After digging through dresser drawers and cardboard boxes in the back of closets, True Davis finally found his old PT-109 tie clasp last week and shined it up.
The man who had been John F. Kennedy's ambassador to Switzerland wanted his Camelot memento to wear at a $300,000 fund-raiser he was planning here for Sen. Edward M. (Ted) Kennedy next month.
Davis, former president of the National Bank of Washington and now an adviser to foreign bankers, had put together a list of 300 wealthy "old-line Democrats" like himself who has "not been needed" by the Carter administration and "whose advice had not been sought" during the past three years.
Davis had lined up professional fund-raiser Nancy Cole to run his party, with all the paper work and telephoned follow-ups involved.
Then Tom Quinn, of the Kennedy finance committee, sent word that someone else had already volunteered to stage a $1,000-per-person party here on Dec. 16.
Ethel Kennedy will open Hickory Hill that night for celebrities flying in from all over the country. Even if she can accommondate only 250 in her house, the campaign may come out ahead. Unlike Cole, Ethel doesn't charge a percentage.
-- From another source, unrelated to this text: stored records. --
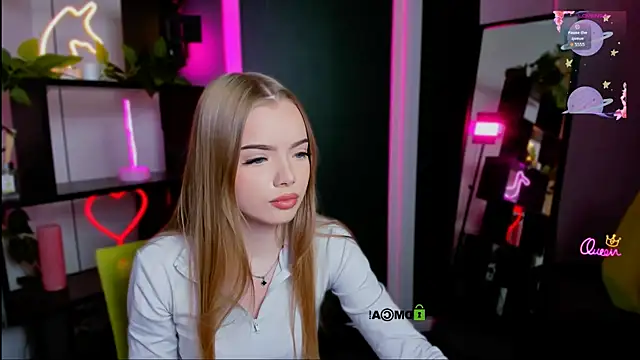 Snapshot of maddy_moah chatting on 03/26/26, 04:12 maddy moah online show from 03/26/26, 04:12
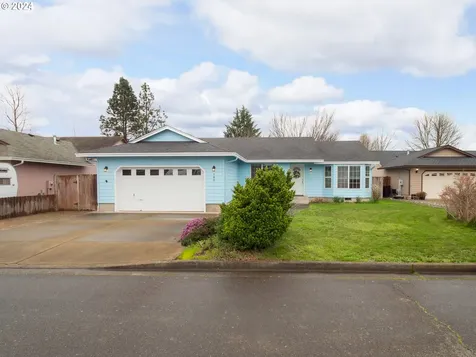 180 Zephyr Court Roseburg OR 97471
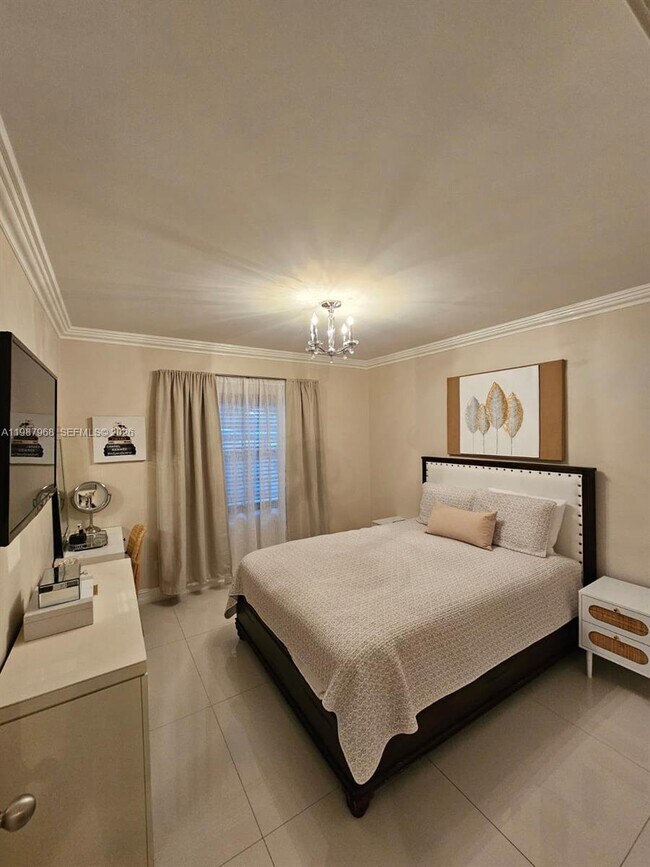 Building Photo - 70 NW 31st St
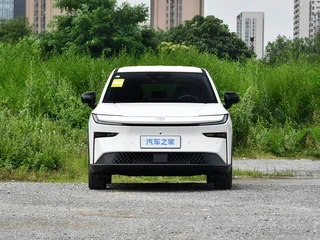 2026 Toyota bZ3X 50 kWh, белый, 2442000 рублей, вид 1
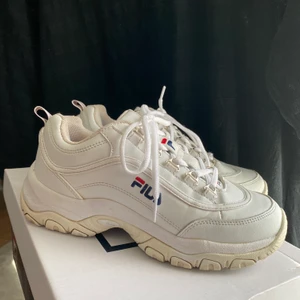 Fila skor  - Snygga fila skor som endast är använda ett fåtal gånger. Strl 38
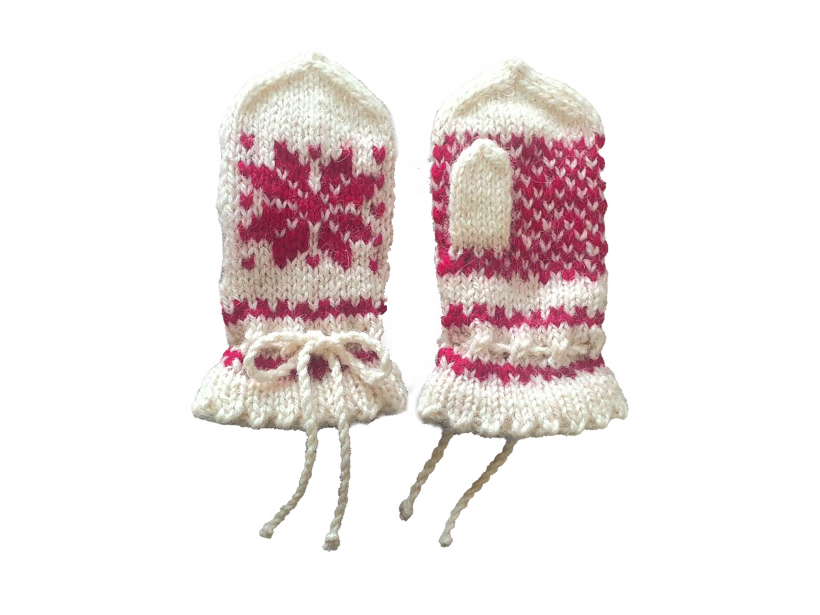 Cimdiņi ar latvju rakstu.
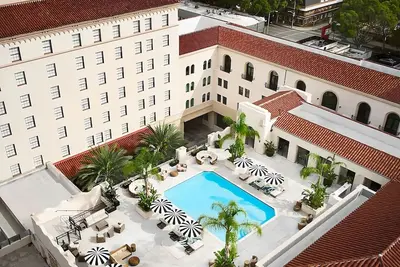 Image de Convenient Stay in California! Onsite Pool, Pets Allowed, Close to Arden lawn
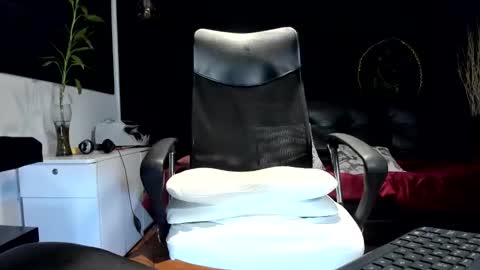 Snapshot of alessandro__wye chatting on 11.03.25 ALESSANDRO WYE online show from 11.03.25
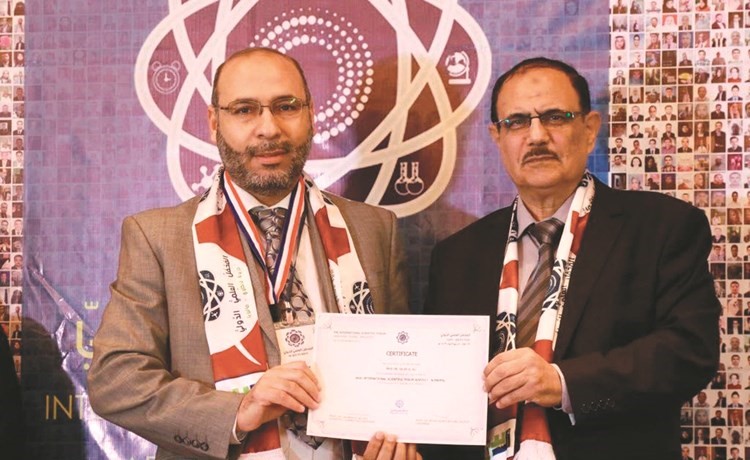 أستاذ بكلية الشريعة يساهم في تتويج جامعة الكويت بالميدالية الذهبية في البحث العلمي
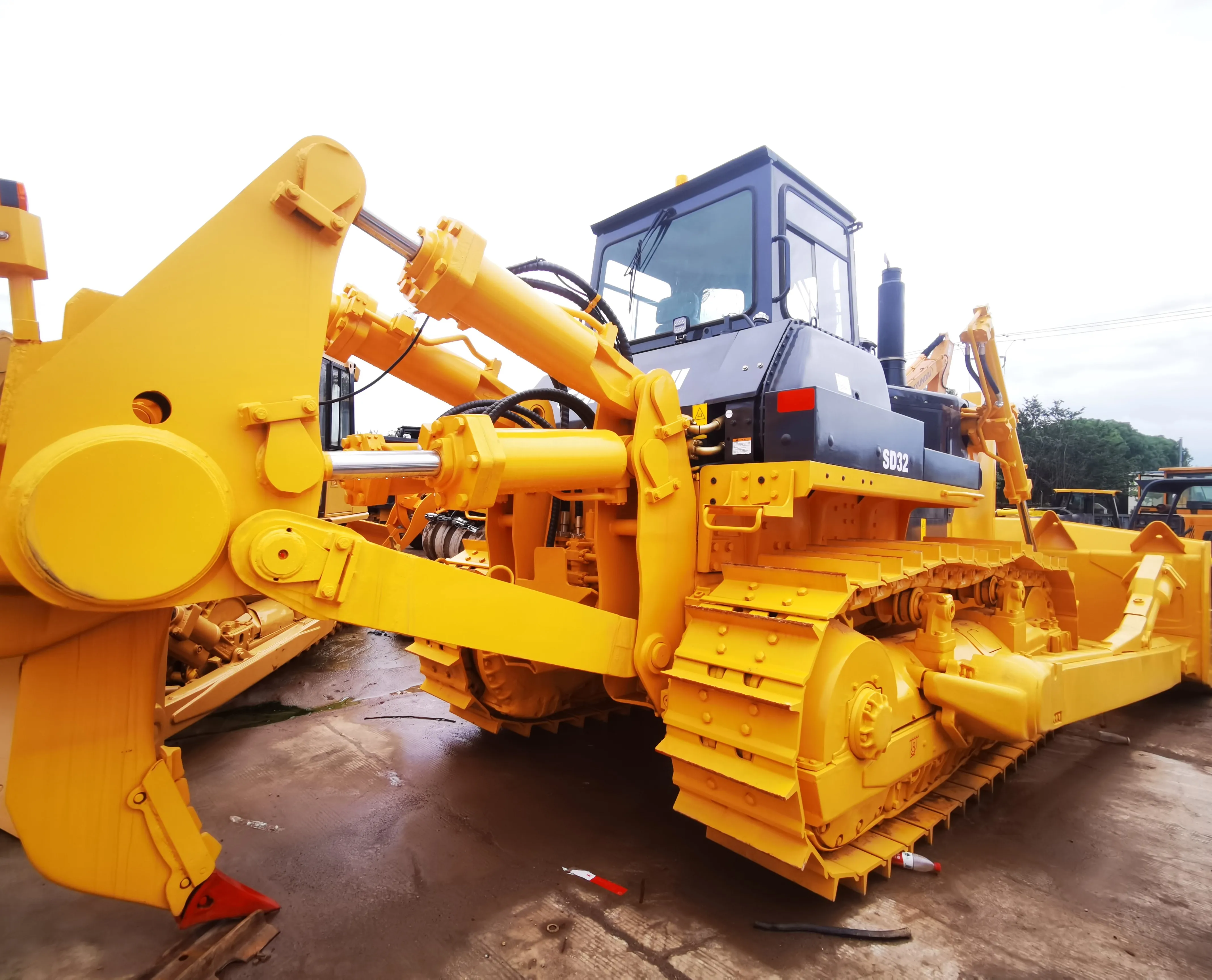 SD32 Model Operating Weight 33.6ton Shovel Lifting Height 1560mm Yellow Diesel Engine Provided Crawler WEICHAI SHANTUI GENUINE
The fund-raising potential of the Kennedy sisters and sisters-in-law is something that infuriates the Carter forces, but that is not the kind of thing they can complain about to the Federal Election Commission. At Pat Lawford's last week, her friends gave Ted Kennedy pledges totaling $150,000. l
A finance committee spokesman said yesterday that the clamor of people willing to pay $1,000 for Ethel's party may force them to move the party from her McLean estate to a downtown hotel.
David Eisenhower, finishing a book on his grandfather for Random House, told one of his editors recently that all his research has convinced him there was never a romance between Dwight D. Eisenhower and his wartime aide, Kay Summersby.
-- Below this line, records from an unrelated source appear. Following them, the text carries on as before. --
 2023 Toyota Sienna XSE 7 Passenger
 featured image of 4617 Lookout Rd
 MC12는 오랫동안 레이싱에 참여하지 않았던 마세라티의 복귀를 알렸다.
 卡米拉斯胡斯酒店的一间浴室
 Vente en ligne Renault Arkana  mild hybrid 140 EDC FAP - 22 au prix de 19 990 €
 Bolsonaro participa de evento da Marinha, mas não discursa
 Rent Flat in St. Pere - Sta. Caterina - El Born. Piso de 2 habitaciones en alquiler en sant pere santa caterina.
David maintains that Ike never loved "anyone" but his wife, Mamie, who died yesterday. "Ike LIKED women, really liked them" he says.
"That gave a lot of people the wrong idea.He was flirting with the nurses at Walter Reed Hospital the day before he died."
Although David has been determined to set the record straight about the Summersby affair, he says his grandmother never really cared what people chose to believe.
Out in Nebraska, where Billy Carter is being paid $2,500 to appear at an alcohol abuse seminar, there was a state of panic when someone in the federal bureaucracy pushed an alarm button from Washington.
Statewide, the program receives nearly $1 million annually from the National Institute on Alcohol Abuse and Alcoholism. Included this year was a special request for $1,400 for the seminar on which Billy will appear.
Dr. William Ford, director of the Nebraska state alcohol program, was told sternly by an NIAAA official that no federal money could be paid to Billy. The $1,400 will pay for a newspaper ad. Billy will be paid out of money raised from ticket sales and contributions from local businessmen.
Fifteen runners who plan to compete in the Marine Corps Marathon here on Sunday -- many of them doctors -- have made reservations at Petitto's for tomorrow night, to stoke up on the carbohydrates in homemade fettuccine and lasagna before all that exertion . . .
When Evelyn Lincoln wrote her first book about the years she worked as JFK's secretary, she kept it so secret that Bobby Kennedy, didn't know anything about it until he got an invitation to her publisher's party. Now she's writing a novel. The first anyone knew was when a Kennedy staffer overheard her telling someone about it in a rstaurant recently. But no one can find out what it's about. Asked point-blank, she refuses to tell . . .
New York photographer Ken Regan, whose credit line appears all over the newsstands currently because he is the Kennedy family's favorite, probably isn't going to take financial advantage of his inside track. He would rather produce movies, he says, and has one underway in London.